SHOOT WITH HDR PHOTOGRAPHY
As with any scene containing dynamic exposures, you should try shooting High Dynamic Range shots. This is especially important if you can see all or part of the sun in your frame. High Dynamic Range (HDR) photography is a style many cityscape photographers use. It involves using your camera’s auto bracketing exposure setting (or manually changing your exposure). You should snap a picture of the same frame at several different exposures. You can then take those photos and blend them together in post editing so that each part of your shot is perfectly exposed as you want it. Some things to remember with HDR photography: be sure to use a tripod as you will want the exact same frame for each shot so that blending isn’t an issue. You should also remember that moving objects will show up differently in each shot, so keep that in mind when choosing where you will shoot your cityscape. Avoid highways where cars are moving quickly, or areas with strobe lights that change in the matter of seconds. Of course there are other solutions for this like blending the shots in Photoshop, but the HDR post processing technique can fail when objects are moving.
PLAY WITH SILHOUETTES
Silhouettes are easiest to pull off during sunset and sunrise. If you are looking to snap a photo of the darkened city skyline against the colorful, lively horizon, use silhouette. To accomplish this, you will need to set your camera’s exposure to work best with the background of the image, in this case the horizon. If your camera has Active D-Lighting (only in Nikon cameras), turn it off because it will try to force the camera to correctly expose for the subject that is in the shadow, in this case your cityscape. For the best silhouette photographs, make sure the silhouette is recognizable.
PLAY WITH REFLECTIONS
As with any cityscape, reflections of it can be used effectively by finding the best location possible. During sunset or sunrise, you may even be able to catch the sun in the reflection. Play around with including it in your shot. If you don’t feel like it will enhance your picture, don’t include it.
DITCH YOUR FILTERS
Many photographers use filters to make their images pop. However, when photographing during sunset or sunrise, ditch them.

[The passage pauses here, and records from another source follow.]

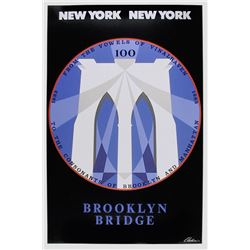 Robert Indiana, Brooklyn Bridge, Poster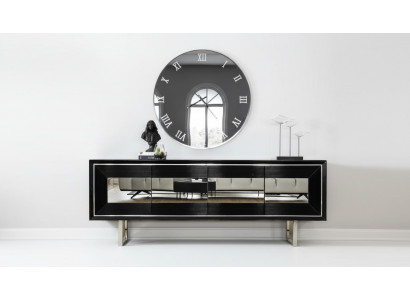 Zwarte dressoir ladekast kast staande kast luxe dressoir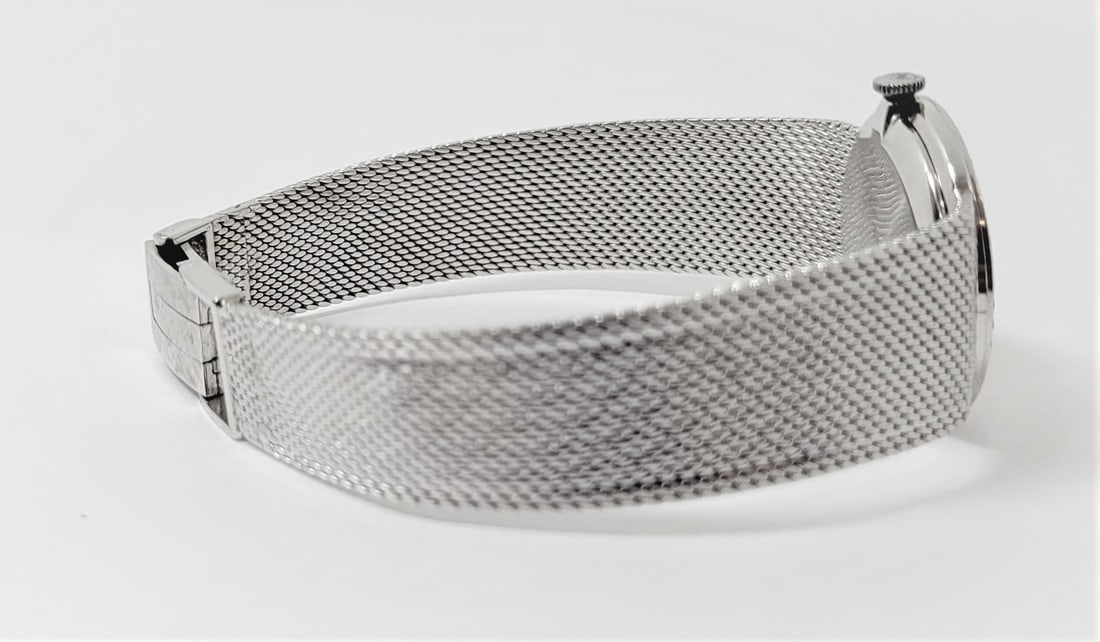 Vintage 14k White Gold BAUME & MERCIER Ladies Winding Watch with Diamond Bezel - 6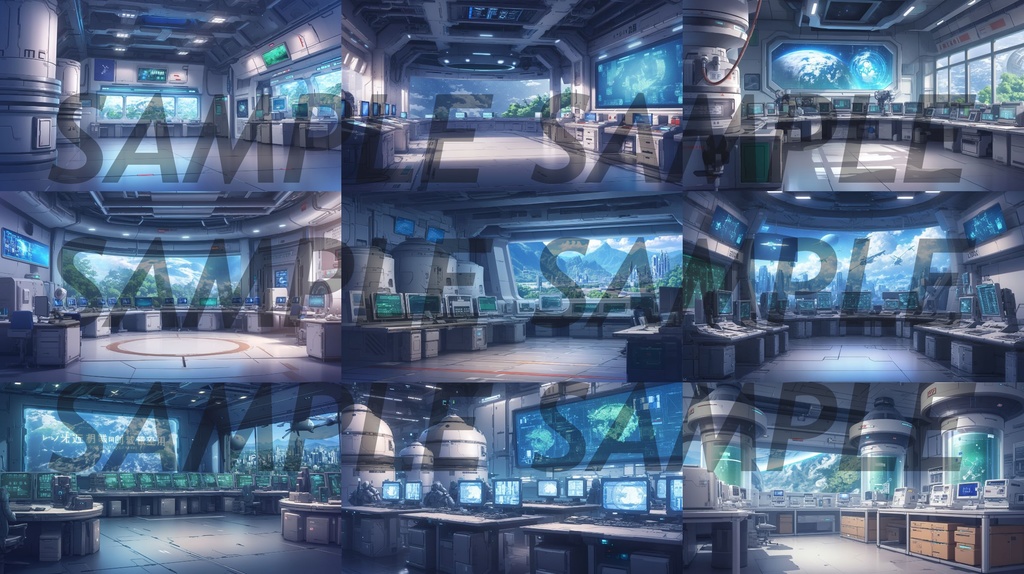 【235枚】SF・宇宙都市・未来都市 背景イラスト集【著作権フリー】スペースオペラ・サイファイ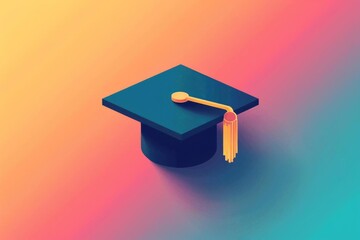 A vibrant image of a graduation cap with a colorful background, symbolizing academic achievement and celebration of educational success.
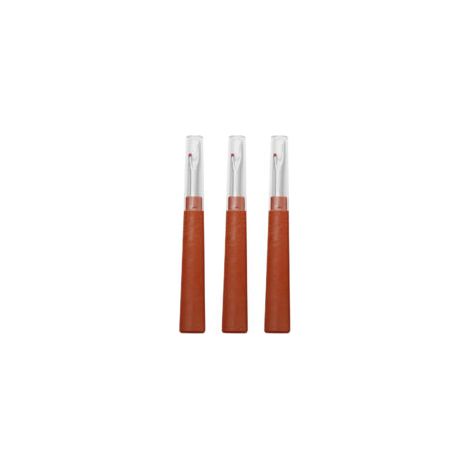 3-teiliges Premium-Nahttrenner-Set mit hochwertiger Edelstahlklinge und Premium-Schutzkappe – Crezuo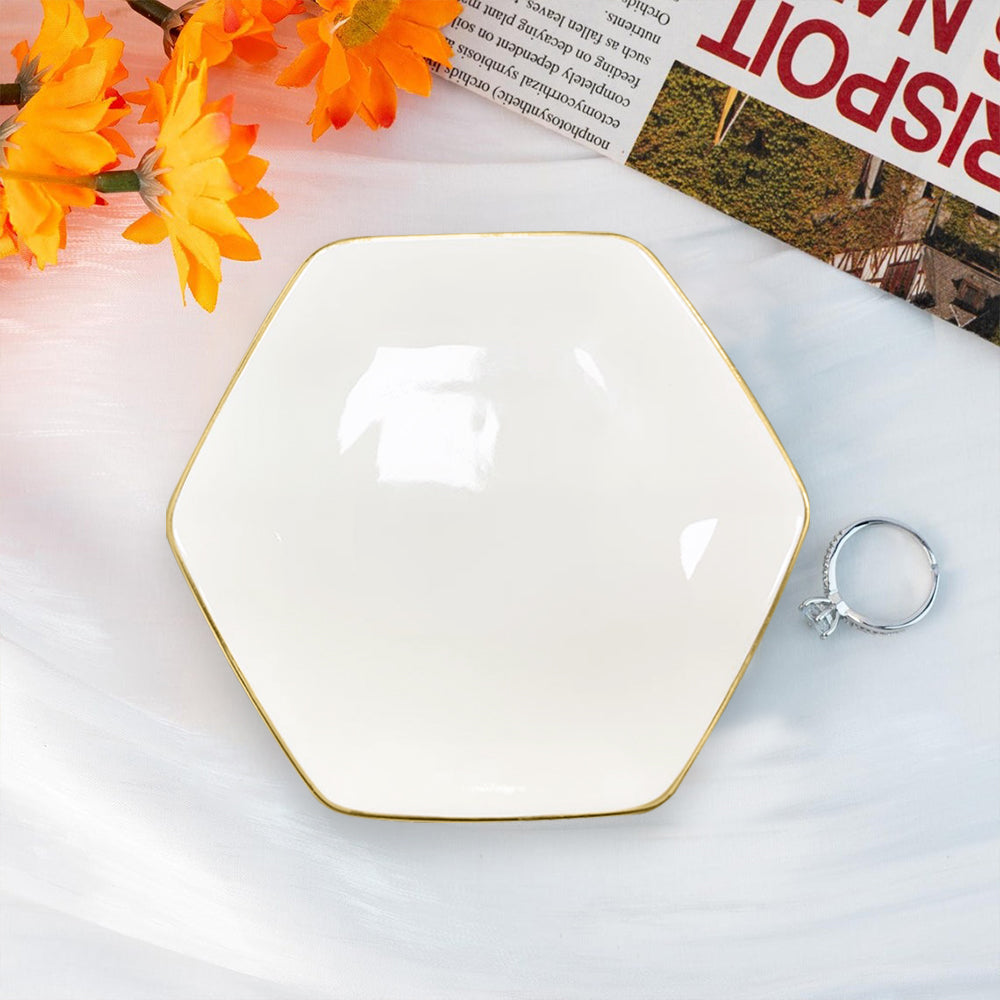 Hexagon 2 Ceramic Jewelry Tray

Even your polarizing filter. They actually don’t help saturate the colors in your sunset if the sun is also in the photo. Only use the polarizer when the sunlight comes from the side and you want to decrease the amount of reflections. It is important to remember that you can adjust your saturation in post editing.
SHOOT IN RAW
Shooting in RAW file format is especially important in shooting cityscapes during sunrise or sunset. Delicate light information is basically discarded if you shoot in JPEG. Additionally, shooting your cityscape in RAW format allows you to do a lot more during the post editing process.